This is also the methodology employed when deciding whether to grant an applicant a “greenhouse gas injection license” [41] which authorises the licensee to carry out greenhouse injection and storage operations in the license area. As a result of the lack of mandatory considerations, transparency, public participation and accountability in this governmental decision making process, ANEDO submits that these processes be reviewed. The decision to grant an access permit should require the decision maker to have regard to such matters as potential environmental impacts, scientific and public concerns. The decision maker should at the very least be advised, if not replaced, by a panel of accredited independent experts with scientific experience in fields related to the CCS process.

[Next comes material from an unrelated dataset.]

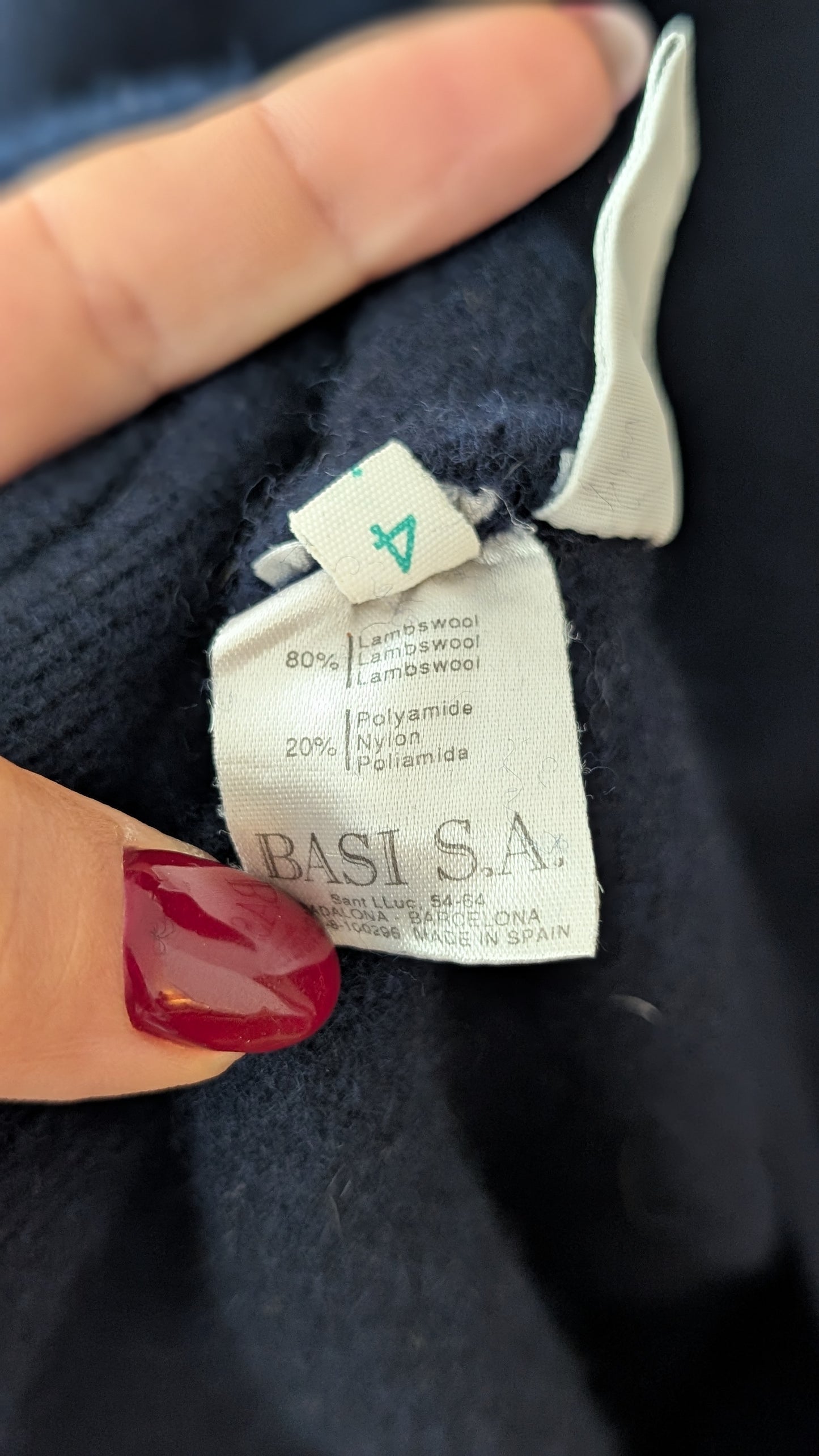 Pull laine agneau Lacoste 80s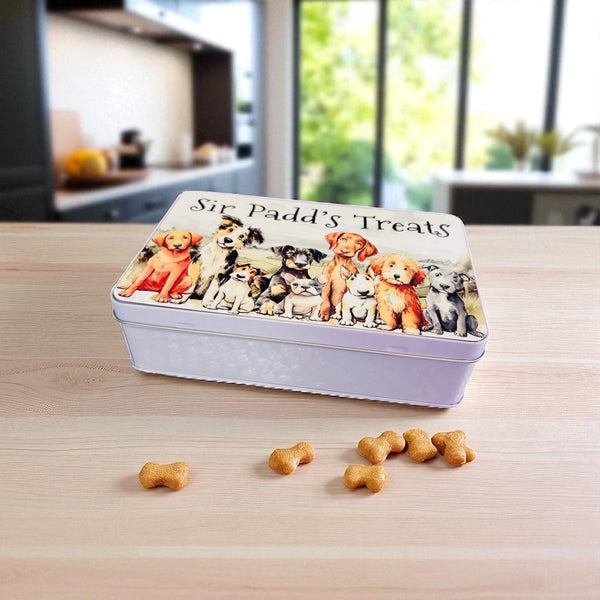 Pet treats tin personalised for your furry friend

Following the granting of a permit, the permittee must apply to the Minister for approval if they wish to conduct ‘key greenhouse gas operations'. There are four matters that the Minister ‘must have regard to' when deciding whether to grant approval, and these are contained in s 249AF (4-8). ANEDO submits that the matters the Minister must have regard to are insufficient. The first two matters relate to the impact that any operations may have on existing or future fossil fuel operations:

  • s 249AF (4) mandates that the Minister has regard to the impact that the operations could have on ‘petroleum exploration operations or petroleum recovery operations' that are or could be carried out under the an existing or future exploration permit, retention lease, or production licence; and
  • s 249AF (5 + 6) the Minister must have regard to whether the key greenhouse gas operations will have an adverse impact on petroleum exploration operations or petroleum recovery operations.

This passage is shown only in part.